The researchers investigated the worker bees’ receptivity to the pheromone that prompts the retinue behavior, as well as whether the bees deactivated their ovaries in response to the pheromone once the bee populations were crossed and the progeny were old enough.
“Finally, we used RNA sequencing to look at genome-wide gene expression in the workers, but importantly, we also sequenced the genomes of the parents of those crosses,” Bresnahan said in a statement. “So, we could develop personalized genomes for the parents, and then map back the workers’ gene expression to each parent and find out which parent’s copy of that gene is being expressed.”
Bresnahan stated that they examined gene regulatory networks, or sets of genes regulated by similar transcription factors to cause comparable expression patterns, to try to visualize this battle occurring within the genome.

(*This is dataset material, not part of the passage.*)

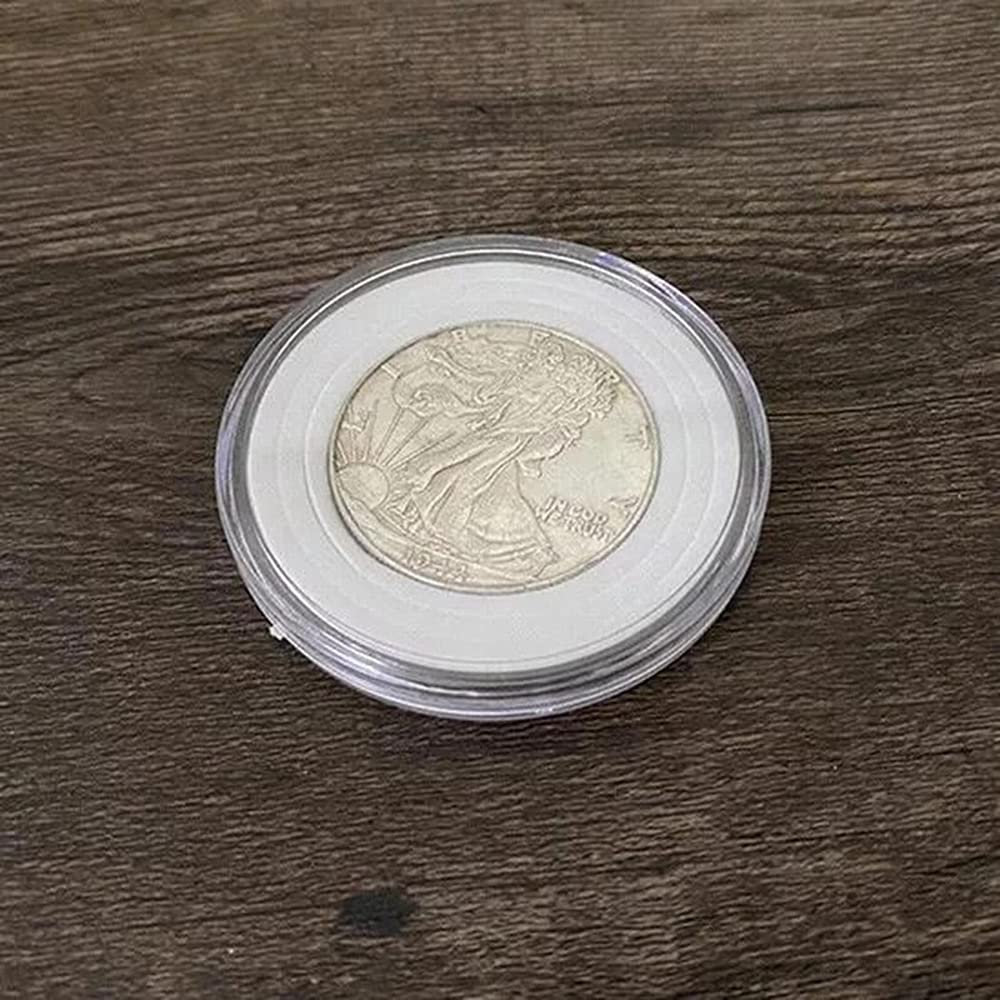 Amazon.com: ZQION Magnetic Gravity Flipper Coin Magic Coins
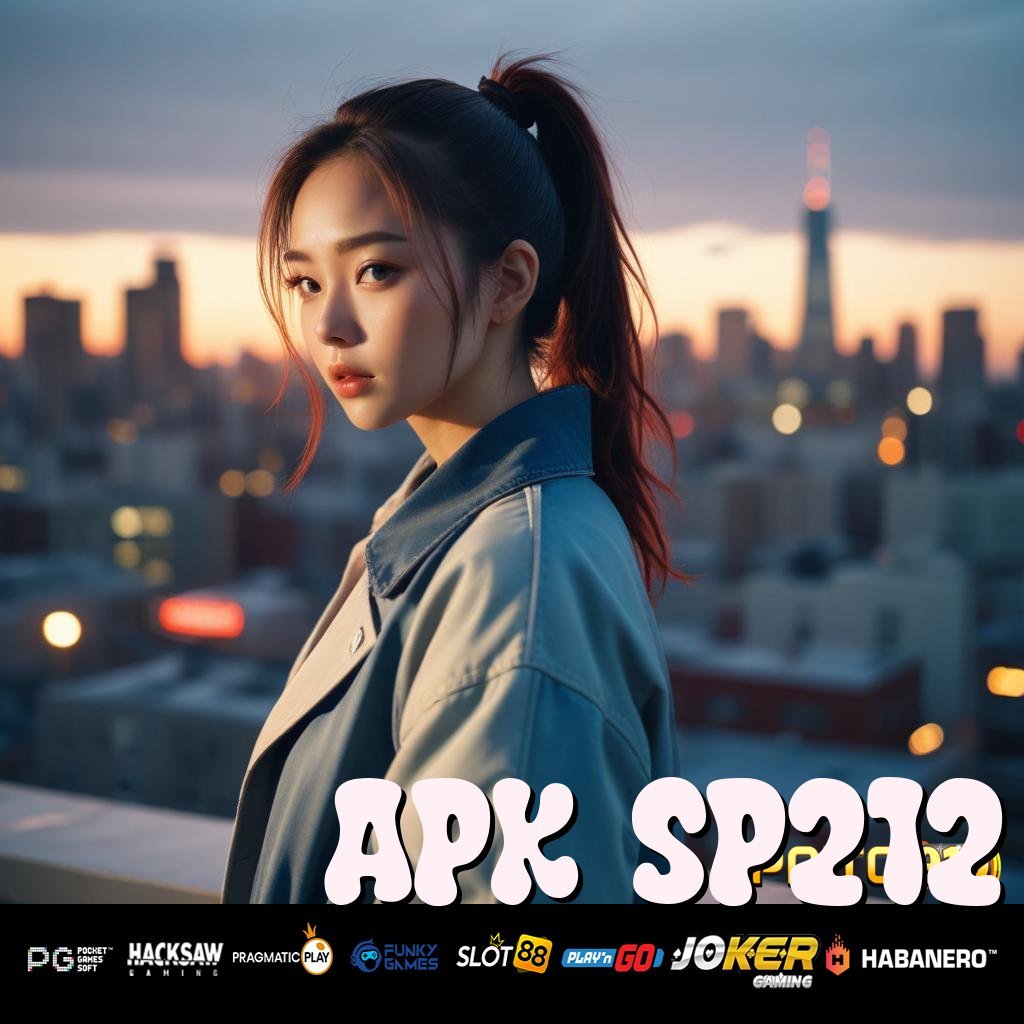 APK SP212 - Unduh APK Baru yang Menghadirkan Login Tanpa Repot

The researchers compared how genes and transcription factors (proteins that turn genes on or off) were expressed from the mother’s copy versus those expressed from the father’s copy to see where one may try to counterbalance the effects of the other.
They were eventually able to uncover gene regulation networks with intragenomic conflict and discovered that more genes were expressed with a parental bias. This maternal- or paternal-originated expression bias is a hallmark of intragenomic conflict, according to the researchers, and it showed more frequently than it would have if the networks had been built with randomly selected genes. Furthermore, these networks included genes that earlier studies has linked to retinue behavior.